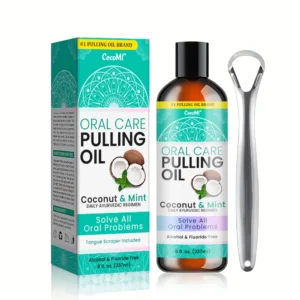 Cocomi™ Oral Care Pulling Oil - Solve All Oral Problems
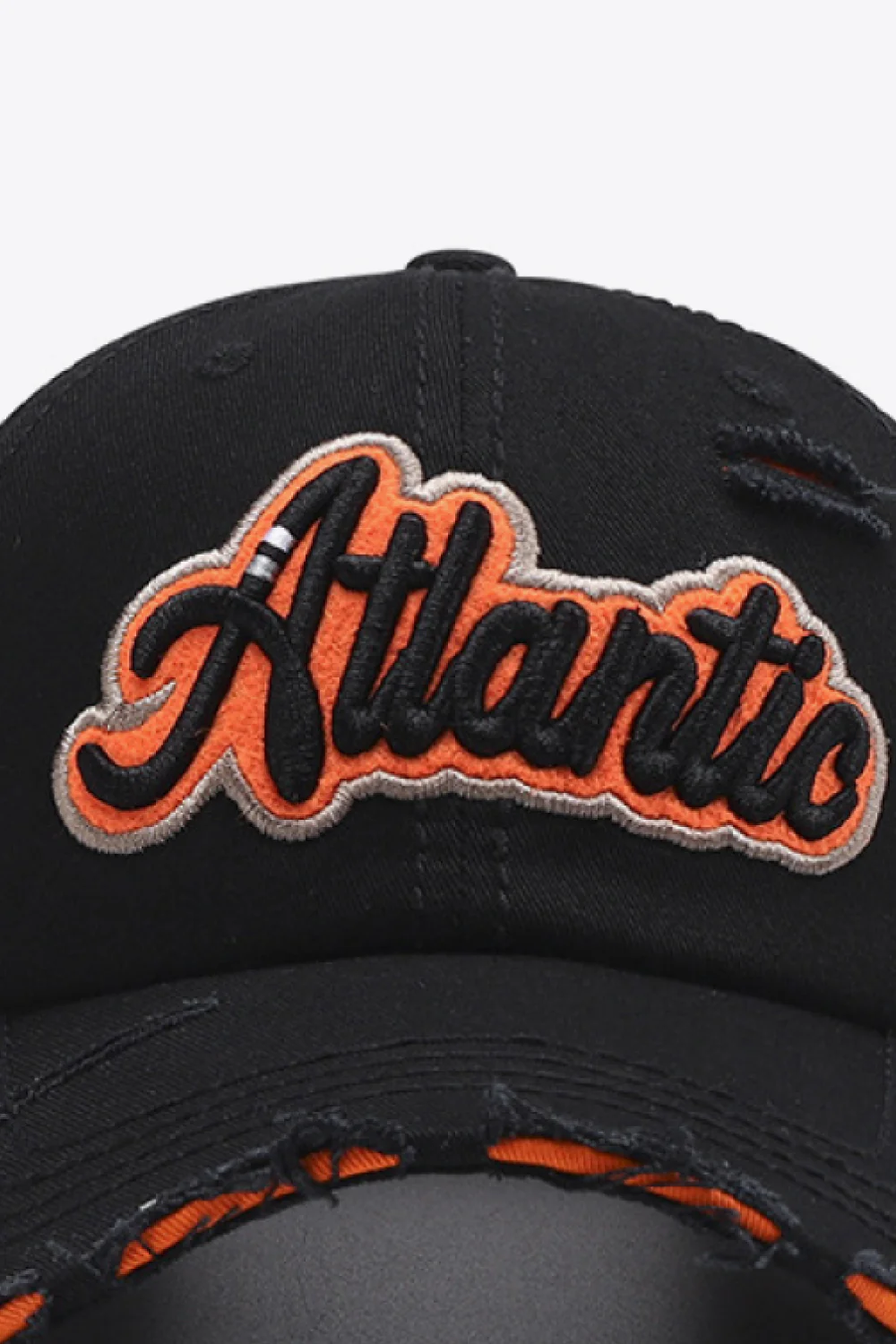 Graphic Distressed Baseball Cap
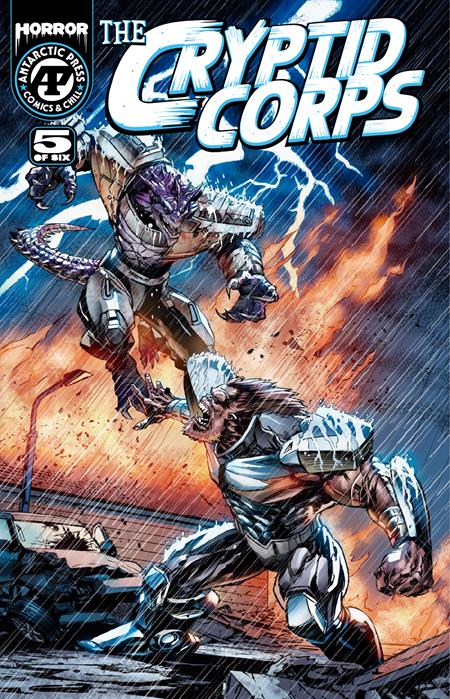 CRYPTID CORPS #5 CVR A MAX BERTOLINI (OF 6)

══════

TASK BRIEF: Retype the whole listing above exactly as written. Skip the pictures.

ANSWER AREA:
 Cocomi™ Oral Care Pulling Oil - Solve All Oral Problems
 Graphic Distressed Baseball Cap
 CRYPTID CORPS #5 CVR A MAX BERTOLINI (OF 6)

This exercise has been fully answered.